My guess would be that hasn't changed.
While I can't answer the question, I believe something has changed. I remember Dave Hooton being excited about the fact that WITHIN, BEFORE, etc. were now couting "real" words (or something to that effect), which was an improvement from 3.0.
I remember Dave Hooton being excited about the fact that WITHIN, BEFORE, etc. were now couting "real" words
Yup, I am still excited. L4 counts grammatical words. You can try a simple test:-
Logos 4 uses the Unicode word-breaking algorithm (http://unicode.org/reports/tr29/) to split text into words when indexing. (Putting it simplistically, it splits on spaces, but there are some special cases: colons between letters break them into separate words, but colons between numbers don't. Hyphenated-phrases are also treated as separate words.
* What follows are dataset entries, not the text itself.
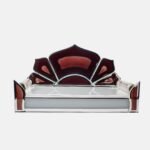 Modern glass devpaat featuring a deep maroon lotus-shaped backrest with silver mirror borders and a frosted glass base, handcrafted by Creata Poojaghar.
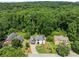 Aerial shot of a home with a well-manicured lawn surrounded by lush greenery and mature trees at 130 Timber Oak Cv, Lawrenceville, GA 30043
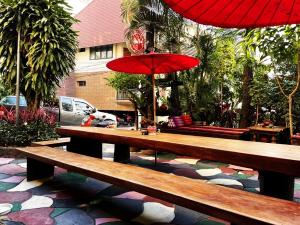 a wooden bench with a red umbrella on a patio at Panda House Chiang Mai in Chiang Mai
There is currently no CKJV support (e.g., bigram indexing); Asian languages typically require a dictionary for good word-breaking, and we haven't implemented that.) There are also some smarts to ignore footnote characters when counting words in the surface text, except when those superscripted characters are significant (think "P71").
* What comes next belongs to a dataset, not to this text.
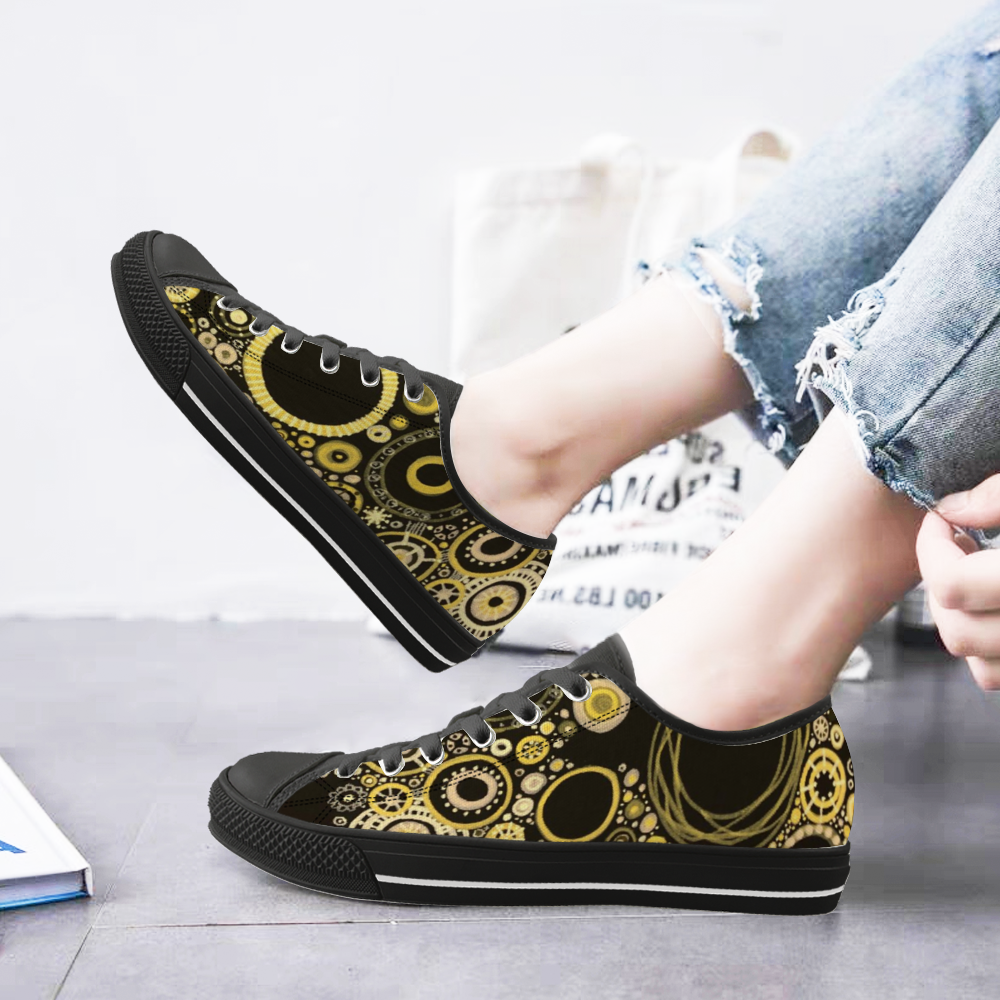 Sneakers with black features and sunshine and bumblebee tones on model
In general, though, it should do what you expect, so the "WORDS" unit in Logos 4 searches counts actual words; it is no longer a character-based simulation.
There is currently no CKJV support (e.g., bigram indexing); Asian languages typically require a dictionary for good word-breaking, and we haven't implemented that
RE: Japanese,
Is this for lack of a usable dictionary? (Jim Breen's JDIC) Is this on the future agenda?
Does Logos 4 search Hebrew by word-breaking? And is it only double-byte text that presents this problem in word-break searching?
There is currently no CKJV support (e.g., bigram indexing); Asian languages typically require a dictionary for good word-breaking, and we haven't implemented that RE: Japanese, Is this for lack of a usable dictionary? (Jim Breen's JDIC) Is this on the future agenda? Does Logos 4 search Hebrew by word-breaking? And is it only double-byte text that presents this problem in word-break searching?
I don't know what the roadmap is, but we worked closely with the Japan Bible Society to get the NIT etc. indexed correctly in LDLS3, so I expect a similar thing will happen in Logos 4.
Hebrew text is basically broken on spaces and punctuation (including maqqef and sof pasuq).
Double-byte text doesn't cause any problems itself; it's the script that is encoded that determines whether algorithmic word-breaking is feasible.
I am years behind on Unicode.
Can Logos not use the "Grapheme Cluster Boundaries" for searching? Must there be spaces? I thought Unicode Extended was supposed to solve all this.
I was very excited to see the Greek/Japanese Interlinear in Logos. I hope someday to see it run in Version 4.